Baranowski: Any person wanting to work with applications expects applications to talk to each other, to integrate… and to provide them with a seamless experience all in one place. This is what holistic is trying to be, but an app is, at the end of the day, just an app. Holistic provides a single point of view – it’s a window into data. Customers want to develop ‘abc’ in order to meet their ‘xyz’ goal – they don’t talk about holistic views on anything – they want a useful service.
CWDN: Can we make monolithic applications holistic? Can we put the holistic into legacy?
Baranowski: I think they can if they’ve been built with a very good underlying core. However, very often apps are built in a certain way – so you end up with more of a mess… things are bolted on and bolted on. It becomes a Franken-process.

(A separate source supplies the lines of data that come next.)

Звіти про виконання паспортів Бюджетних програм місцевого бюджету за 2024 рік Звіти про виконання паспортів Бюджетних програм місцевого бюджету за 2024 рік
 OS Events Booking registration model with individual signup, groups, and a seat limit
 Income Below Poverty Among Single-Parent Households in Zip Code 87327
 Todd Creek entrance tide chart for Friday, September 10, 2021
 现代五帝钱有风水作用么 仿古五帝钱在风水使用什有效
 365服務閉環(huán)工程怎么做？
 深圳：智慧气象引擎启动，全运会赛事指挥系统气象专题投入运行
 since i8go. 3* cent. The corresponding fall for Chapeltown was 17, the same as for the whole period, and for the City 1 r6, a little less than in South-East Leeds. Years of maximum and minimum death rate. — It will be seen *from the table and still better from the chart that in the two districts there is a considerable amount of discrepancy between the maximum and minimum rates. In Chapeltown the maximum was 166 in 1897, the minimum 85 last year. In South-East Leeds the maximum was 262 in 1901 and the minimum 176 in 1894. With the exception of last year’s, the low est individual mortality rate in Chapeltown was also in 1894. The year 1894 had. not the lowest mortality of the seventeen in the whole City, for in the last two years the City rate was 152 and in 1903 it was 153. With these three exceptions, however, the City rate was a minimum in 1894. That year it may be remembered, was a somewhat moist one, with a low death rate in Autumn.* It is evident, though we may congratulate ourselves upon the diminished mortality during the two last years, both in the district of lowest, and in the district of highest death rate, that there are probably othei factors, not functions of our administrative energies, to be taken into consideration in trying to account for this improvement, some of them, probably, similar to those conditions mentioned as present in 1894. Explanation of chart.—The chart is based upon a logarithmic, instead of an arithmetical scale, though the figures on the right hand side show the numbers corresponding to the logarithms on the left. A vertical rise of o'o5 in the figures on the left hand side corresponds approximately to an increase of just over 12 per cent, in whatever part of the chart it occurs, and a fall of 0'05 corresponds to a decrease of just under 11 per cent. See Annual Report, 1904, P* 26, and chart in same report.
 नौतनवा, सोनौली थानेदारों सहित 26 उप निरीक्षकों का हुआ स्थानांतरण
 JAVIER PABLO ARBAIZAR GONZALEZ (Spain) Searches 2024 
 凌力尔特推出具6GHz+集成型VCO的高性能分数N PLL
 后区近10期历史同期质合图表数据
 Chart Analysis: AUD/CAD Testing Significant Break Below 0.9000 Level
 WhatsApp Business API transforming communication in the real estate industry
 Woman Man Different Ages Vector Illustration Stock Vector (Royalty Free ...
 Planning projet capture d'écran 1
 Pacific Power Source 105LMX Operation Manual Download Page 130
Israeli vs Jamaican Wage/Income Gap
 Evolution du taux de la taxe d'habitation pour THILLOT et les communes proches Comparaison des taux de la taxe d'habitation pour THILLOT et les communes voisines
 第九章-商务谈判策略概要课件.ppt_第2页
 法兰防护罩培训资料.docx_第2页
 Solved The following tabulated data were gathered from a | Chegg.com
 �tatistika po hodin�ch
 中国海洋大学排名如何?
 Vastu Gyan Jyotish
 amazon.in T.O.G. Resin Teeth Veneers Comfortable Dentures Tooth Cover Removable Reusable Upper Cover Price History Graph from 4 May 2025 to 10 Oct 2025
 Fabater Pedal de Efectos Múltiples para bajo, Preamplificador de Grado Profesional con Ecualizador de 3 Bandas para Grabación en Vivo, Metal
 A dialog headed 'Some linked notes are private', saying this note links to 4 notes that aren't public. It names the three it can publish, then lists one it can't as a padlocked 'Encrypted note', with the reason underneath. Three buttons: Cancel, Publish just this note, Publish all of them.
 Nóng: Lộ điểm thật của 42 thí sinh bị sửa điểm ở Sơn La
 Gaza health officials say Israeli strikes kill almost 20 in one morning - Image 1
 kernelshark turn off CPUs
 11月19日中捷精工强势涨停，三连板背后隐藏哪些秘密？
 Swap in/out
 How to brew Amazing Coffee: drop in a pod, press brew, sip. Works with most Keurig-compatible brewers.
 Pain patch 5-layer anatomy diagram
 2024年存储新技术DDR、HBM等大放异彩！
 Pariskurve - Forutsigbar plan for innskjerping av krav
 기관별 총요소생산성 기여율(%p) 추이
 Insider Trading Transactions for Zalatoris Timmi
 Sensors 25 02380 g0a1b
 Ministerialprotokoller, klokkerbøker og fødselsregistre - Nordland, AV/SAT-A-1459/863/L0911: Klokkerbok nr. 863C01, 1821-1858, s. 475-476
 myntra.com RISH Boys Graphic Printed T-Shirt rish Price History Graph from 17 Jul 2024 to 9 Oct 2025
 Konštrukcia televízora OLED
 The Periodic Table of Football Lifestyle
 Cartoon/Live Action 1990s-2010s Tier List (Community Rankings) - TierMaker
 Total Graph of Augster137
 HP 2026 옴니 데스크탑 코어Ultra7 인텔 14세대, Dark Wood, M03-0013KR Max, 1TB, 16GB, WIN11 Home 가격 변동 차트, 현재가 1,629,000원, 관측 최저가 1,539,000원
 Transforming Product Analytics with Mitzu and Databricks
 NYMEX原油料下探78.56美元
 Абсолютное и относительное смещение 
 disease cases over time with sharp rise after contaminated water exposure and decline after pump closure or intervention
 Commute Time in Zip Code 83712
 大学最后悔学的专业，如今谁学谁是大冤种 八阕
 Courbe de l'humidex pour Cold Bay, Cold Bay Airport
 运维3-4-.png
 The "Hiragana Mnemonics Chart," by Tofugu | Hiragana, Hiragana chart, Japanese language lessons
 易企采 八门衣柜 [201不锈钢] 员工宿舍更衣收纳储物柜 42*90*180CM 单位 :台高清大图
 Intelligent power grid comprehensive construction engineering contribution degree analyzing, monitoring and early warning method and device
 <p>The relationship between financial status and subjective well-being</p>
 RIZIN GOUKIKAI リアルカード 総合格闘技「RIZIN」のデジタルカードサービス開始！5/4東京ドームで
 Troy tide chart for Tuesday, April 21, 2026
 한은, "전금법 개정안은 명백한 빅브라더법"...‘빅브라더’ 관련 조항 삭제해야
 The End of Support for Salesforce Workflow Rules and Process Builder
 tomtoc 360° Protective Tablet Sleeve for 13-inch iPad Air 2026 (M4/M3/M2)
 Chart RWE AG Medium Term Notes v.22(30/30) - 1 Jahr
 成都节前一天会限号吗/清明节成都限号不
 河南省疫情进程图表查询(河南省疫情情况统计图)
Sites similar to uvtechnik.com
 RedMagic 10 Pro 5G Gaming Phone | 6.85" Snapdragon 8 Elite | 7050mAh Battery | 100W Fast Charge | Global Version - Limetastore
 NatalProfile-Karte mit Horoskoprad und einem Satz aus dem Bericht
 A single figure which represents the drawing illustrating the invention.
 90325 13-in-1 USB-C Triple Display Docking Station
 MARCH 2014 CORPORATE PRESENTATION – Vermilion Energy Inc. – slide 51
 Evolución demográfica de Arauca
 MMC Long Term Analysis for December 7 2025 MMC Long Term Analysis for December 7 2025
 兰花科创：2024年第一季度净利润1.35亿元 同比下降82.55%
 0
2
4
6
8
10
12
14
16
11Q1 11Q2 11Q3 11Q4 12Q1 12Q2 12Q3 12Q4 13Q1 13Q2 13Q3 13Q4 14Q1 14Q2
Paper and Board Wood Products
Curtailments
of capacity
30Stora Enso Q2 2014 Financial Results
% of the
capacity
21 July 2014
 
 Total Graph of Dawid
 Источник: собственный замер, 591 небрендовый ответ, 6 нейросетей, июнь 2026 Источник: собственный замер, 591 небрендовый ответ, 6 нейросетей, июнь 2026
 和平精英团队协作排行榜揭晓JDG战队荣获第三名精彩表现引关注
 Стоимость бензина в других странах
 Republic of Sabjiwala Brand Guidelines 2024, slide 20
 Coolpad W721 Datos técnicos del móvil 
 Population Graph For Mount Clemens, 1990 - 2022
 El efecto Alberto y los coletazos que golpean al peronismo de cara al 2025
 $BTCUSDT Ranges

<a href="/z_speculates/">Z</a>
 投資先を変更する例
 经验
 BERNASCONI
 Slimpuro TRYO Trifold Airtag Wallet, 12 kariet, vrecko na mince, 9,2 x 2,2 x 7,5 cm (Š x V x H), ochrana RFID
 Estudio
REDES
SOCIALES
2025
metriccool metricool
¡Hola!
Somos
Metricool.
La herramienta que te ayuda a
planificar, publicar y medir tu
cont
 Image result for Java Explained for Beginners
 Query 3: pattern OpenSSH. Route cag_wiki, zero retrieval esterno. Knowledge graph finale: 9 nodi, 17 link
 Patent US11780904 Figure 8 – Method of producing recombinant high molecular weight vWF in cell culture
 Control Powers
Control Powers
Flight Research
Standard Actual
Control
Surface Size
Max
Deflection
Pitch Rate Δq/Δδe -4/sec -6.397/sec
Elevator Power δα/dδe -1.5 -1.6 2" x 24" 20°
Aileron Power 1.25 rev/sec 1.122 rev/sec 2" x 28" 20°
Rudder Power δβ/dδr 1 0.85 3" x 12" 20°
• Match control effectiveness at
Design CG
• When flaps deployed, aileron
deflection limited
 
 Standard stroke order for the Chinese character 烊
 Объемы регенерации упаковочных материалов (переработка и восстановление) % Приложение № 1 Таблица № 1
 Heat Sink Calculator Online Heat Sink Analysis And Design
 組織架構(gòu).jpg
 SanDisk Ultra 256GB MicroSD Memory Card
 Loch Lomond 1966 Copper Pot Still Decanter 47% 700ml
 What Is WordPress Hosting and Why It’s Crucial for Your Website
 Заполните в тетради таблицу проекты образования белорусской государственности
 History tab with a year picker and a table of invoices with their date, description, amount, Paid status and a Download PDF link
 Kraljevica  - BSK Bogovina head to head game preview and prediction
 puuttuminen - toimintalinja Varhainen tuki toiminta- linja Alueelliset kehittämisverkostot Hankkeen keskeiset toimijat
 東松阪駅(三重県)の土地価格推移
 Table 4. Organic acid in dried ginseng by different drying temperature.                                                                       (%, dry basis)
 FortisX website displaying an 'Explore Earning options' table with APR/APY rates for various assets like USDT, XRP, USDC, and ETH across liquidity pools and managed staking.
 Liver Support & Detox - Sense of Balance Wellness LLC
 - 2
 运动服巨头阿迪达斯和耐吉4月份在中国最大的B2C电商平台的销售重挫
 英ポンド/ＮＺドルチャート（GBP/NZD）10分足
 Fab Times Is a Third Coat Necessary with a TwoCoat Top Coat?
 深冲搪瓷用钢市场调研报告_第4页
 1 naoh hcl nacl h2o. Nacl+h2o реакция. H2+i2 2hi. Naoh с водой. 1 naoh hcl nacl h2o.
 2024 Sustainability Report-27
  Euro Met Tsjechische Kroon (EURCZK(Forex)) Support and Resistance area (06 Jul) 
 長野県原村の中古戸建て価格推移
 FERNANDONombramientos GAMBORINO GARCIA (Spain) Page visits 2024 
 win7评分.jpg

They can be made holistic, but it’s easier to build something from the ground up. It’s about understanding how we use data and where that data comes from. Can we pull data from everywhere and tell systems about everything, for example? It’s a big ask, but we could… until certain un-named regulations make it harder. Cognitive tools mean this data can be accessed without necessarily holding that data.
CWDN: Where does security and authentication fit into this?
Baranowski: Often the way apps have been built, from a monolithic perspective, is that they’re containers. Access is far more limited, so the security element is more at the server application level. Holistic means you need to think about maintaining that security, as well as how the data accessed is secured without that security looking like a colander. Cambridge Analytica is a prime example of misuse of APIs. The firm shouldn’t have been able to do what it did, but obviously, the people there did.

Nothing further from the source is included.